The gift of education

Feeney believed Irish education had not kept pace with the rest of the world, finding the country “down at heel” when he first arrived. “With educated people, you can achieve more,” he said and began funding education projects in the early 1980s.

As the money poured in through Atlantic Philanthropies, its origins were shrouded in secrecy. Feeney insisted that neither he nor his foundation should be credited with the buildings it was funding. But perhaps the most dramatic shift came in 1998, when the introduction of the Programme for Research in Third Level Institutions (PRTLI) was agreed between Atlantic Philanthropies and the newly elected Taoiseach, Bertie Ahern, despite some serious opposition from high-ranking civil servants who believed that things were moving too fast and that they didn’t have enough control.

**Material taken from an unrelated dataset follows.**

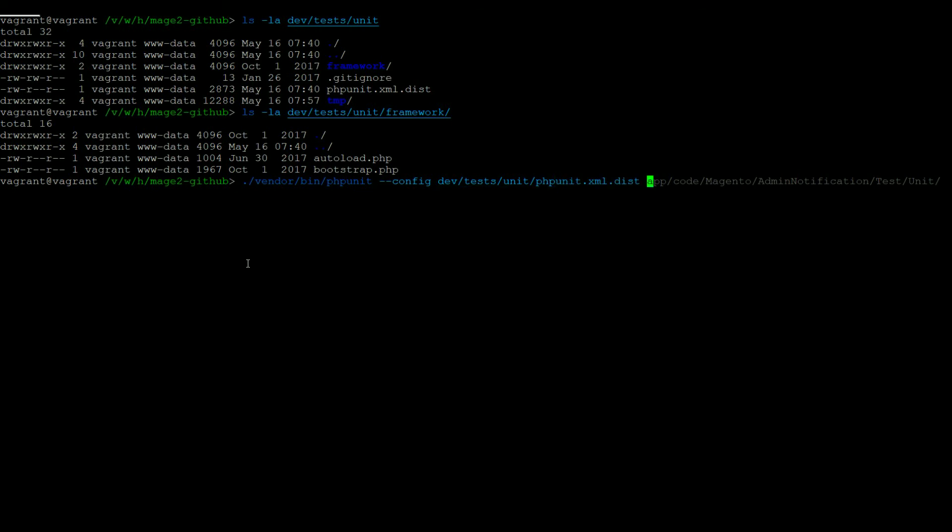You can also define specific tests to run rather than running the full test suite. This can be done by passing the directory or file that you wish to run to phpUnit. And you can also define a test filter pattern with the minus minus filter option.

“By matching funding from AP we would move very quickly,” said the former Taoiseach, who was not long in office when the proposal was put to his government. “PRTLI was of major benefit to this country.”

“I witnessed these changes at first hand, primarily through my experience in higher education but also via my involvement in the area of ageing,” says Brian MacCraith, President of Dublin City University, in the foreword to a new booklet commemorating the work of Atlantic Philanthropies. “Before the intervention of Chuck Feeney, the global reputation and ranking of Irish universities in terms of scientific research was very poor indeed. It led to massive investment in research infrastructure that transformed the higher education landscape for decades to come. Very quickly we had world-class laboratories equipped with state-of-the-art instrumentation and, importantly, teams of high-performing researches that wanted to stay (or indeed come to) Ireland.”

The sums were staggering: Trinity foundation €207m, University of Limerick Foundation €103m, DCU €118m, Cork University €90m, Galway University €67m – and with matching funds from government.

In 2002, Atlantic Philanthropies held a series of what some insiders describe as “contentious” discussions about the future of the organisations.

‘Irish by heritage’

There was a feeling that its concentration on higher education was conferring more benefit on the privileged then the underclass. It also decided that, in keeping with Feeney’s commitment to “giving while living”, the foundation would “spend itself out of existence” over the next 15 years.

It pledged its future grants to four areas of Irish life: ageing, early childhood, youth health and human rights. Funding organisations like GLEN and some organisations that would eventually coalesce to campaign for the Children’s Referendum and Same-Sex Marriage Referendum was sometimes controversial, and there were claims of “American money buying an Irish referendum”.

“Chuck Feeney is Irish by heritage and citizenship,” countered Chris Oechsli, President of Atlantic Philanthropies, defending the organisation. “It was based in Ireland, it was an Irish entity and populated with Irish citizens and the ultimate force in the organisation is strictly Irish.”

Feeney not only got great satisfaction in giving his money away, he also had great fun and made great friends like the artist Desmond Kinney, whose murals adorn many of the buildings he funded, and the musician and scholar Mícheál Ó Súilleabháin.

“We did not push ourselves,” says Mary Sutton, AP’s country director for the Republic of Ireland. “The grantees and their work, and what they achieved with our help were always the focus.”

She also realises that with such a war chest, Atlantic Philanthropies tended to dominate other organisations in that sector. “What we want to convey now is that people can achieve a lot with a smaller amount of money… well-chosen decisions, focused, modest grants can achieve amazing results.”

One of those most inspired by Feeney was the founder of Microsoft, Bill Gates, one of the richest men in the world. “His decision to become public with his giving has transformed philanthropy and most certainly inspired others to get involved,” he said in an exchange of letters. “Chuck reminds us all of the importance of living our lives in the service of others.”